Proving a quick fixture in Brighton Beach, the banya, or Russian bathhouse, is where the decades collide. It’s also where Diana meets Anastasia, her BFF, who she also shares an apartment with. Anastasia is 26 and a dark-haired version of Diana. There’s also Anna, a slim 22-year-old who, by the look of things, is also a man-eater.
A rotund bespectacled Albert and a bald Eddie, both 26, round out the crew. In canary yellow robes, they sit by the pool, beers on the table, while the mothers watch from the deck above.
Albert and Eddie gripe to the camera about how Russian women love to flirt and value the free dinner more than what these men have to truly offer, themselves.
In a “Jersey Shore” moment, the show inserts a quick cut of “Arbuz” the local yogurt shop where Diana and Anastasia return to the topic of kids, marriage and Paul.
At Marina’s two-storey home, Eva spreads out here various outfits, from a bright red dress to a belly dancing costume. Marina talks over Eva about how embarrassing it all is. Eva barely mumbles out that she was an engineer in Russia and never had a chance to “be an artist.”
Anna, Diana’s mother, a short, round woman with blonde hair and sunglasses perched on her head pay the girls a visit in their apartment to teach Diana how to make borscht, a beet soup.

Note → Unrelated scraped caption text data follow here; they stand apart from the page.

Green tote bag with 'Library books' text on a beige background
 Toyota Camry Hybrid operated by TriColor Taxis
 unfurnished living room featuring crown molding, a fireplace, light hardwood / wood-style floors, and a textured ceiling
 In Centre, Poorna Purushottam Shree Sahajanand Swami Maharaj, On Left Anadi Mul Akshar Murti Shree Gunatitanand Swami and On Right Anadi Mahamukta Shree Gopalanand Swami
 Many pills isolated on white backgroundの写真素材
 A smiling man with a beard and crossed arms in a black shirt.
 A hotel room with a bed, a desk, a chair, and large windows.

Diana talks about Paul, and her mother repeats over and over, “don’t hurt my family,” which is Russian for ditch the boyfriend.
At the grandma contest, Marina continues her rant about how this is embarrassing her family. Michael stays tight lipped and Eva just looks sad. In a particularly telling moment, Marina surveys the crowd in the banquet hall and talks about how these people immigrated to America but they aren’t really in America. Zev and Mina dance around and hold a sign to support their grandma, whose performance is actually quite good. But Marina can’t stand it after five hours and takes the family home.
Eva, it turns out, won the best talent award, and no one was there to celebrate with her. Sad. Very sad. In the only two seconds of Russian spoken in the show, some other elderly women congratulate Eva in passing.
Diana and Paul meet for sushi, which he doesn’t like, but “Russian guys like sushi.” Diana dumps Paul saying her “parents came to America for a reason.” But Paul doesn’t get it. Diana asks for the check and the food to be wrapped up “individually.”